We reached the front of the queue and caused something of a commotion. For a start, Nate’s branding could hardly be covered with a simple piece of rag – unless he was prepared to submit to blindfolding, which he wasn’t – but it was the nature of the mark itself that really got them riled. They kept exchanging looks, clenching their jaws, wondering out loud if they should fetch the ‘em-bee.’
More fucking acronyms. Nate seemed to be enjoying all the consternation.
He’d explained it to me last night, the instant that the scavs he’d called ‘Mickeys’ scuttled off into the dark.
“The Neo-Clergy,” he said, “the mighty New Church, the holier-than-thou warrior priests of the New Dawn, were really just another Klan.”
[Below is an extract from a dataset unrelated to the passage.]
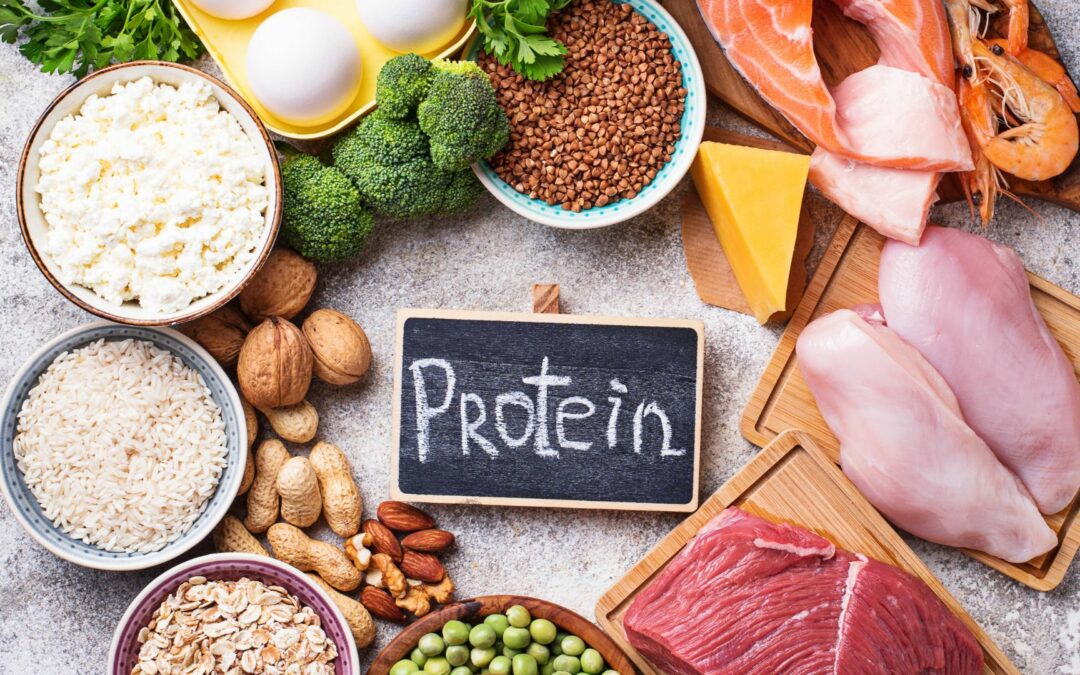 Proteine und ihre Bedeutung für den Muskelaufbau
Oh, a big one, to be sure. The biggest. The de-facto rulers of New York, whose powerbase gave them an administrative control over all the others, but still...
It hadn’t seemed possible, somehow. How could something so mundane, so seedy, as this feudal mob have spread across the devastated world to make its claims of ushering-in a new future? From angry thugs to architects of tomorrow.
According to Nate, the Apostolic Church of the Rediscovered Dawn started out as a band of raggedy-arsed bastards calling themselves The Choirboys. They had no particular defining features – besides a reputation for being twisted little shits – and would have languished in obscurity had they not encountered the man named John-Paul Rohare Baptiste.
No one knew much about him. No one knew where he’d come from or who he’d been. All they knew was that he shouldn’t be alive, and he proved it to them over and over again, with tests and samples and nothing-up-his-sleeves, just as he had continued to do every week on his detestable fucking TV show.
The Blight should have got him. He should have been Culled.
But he lived anyway.
Under his guidance, and the fluttering banner of his self-declared divinity, the Klan swelled like a tumour. It came to the point they could have challenged and annihilated any other group they chose, but they didn’t. They simply tuned out from the power struggle, announced that their intentions had transcended the merely territorial, and elected themselves into a position of magisterial arbitration.
Nowadays they monitored the others, like proud parents adjudicating the play-fighting of toddlers. They formalised the squabbles and scuffles, they leant their backing to whichever Klans they favoured, they provided weapons and drugs (their most valuable currencies), and in return they demanded The Tithe.
Oh yeah...
The Tithe.
“Every child above age five,” Nate had said the night before, like reading from a scripture written inside his eyelids, “and below age eighteen, to be inducted into the ay-see-arr-dee.”
That’s Apostolic Church of the etc, etc.
They’d spread the good news across the oceans. They’d conquered the airwaves when all other frequencies had fallen silent. They’d taken responsibility for the future when all the starving, dribbling politicians and leaders and generals left behind could not, and then they’d made it their business to take charge of the children.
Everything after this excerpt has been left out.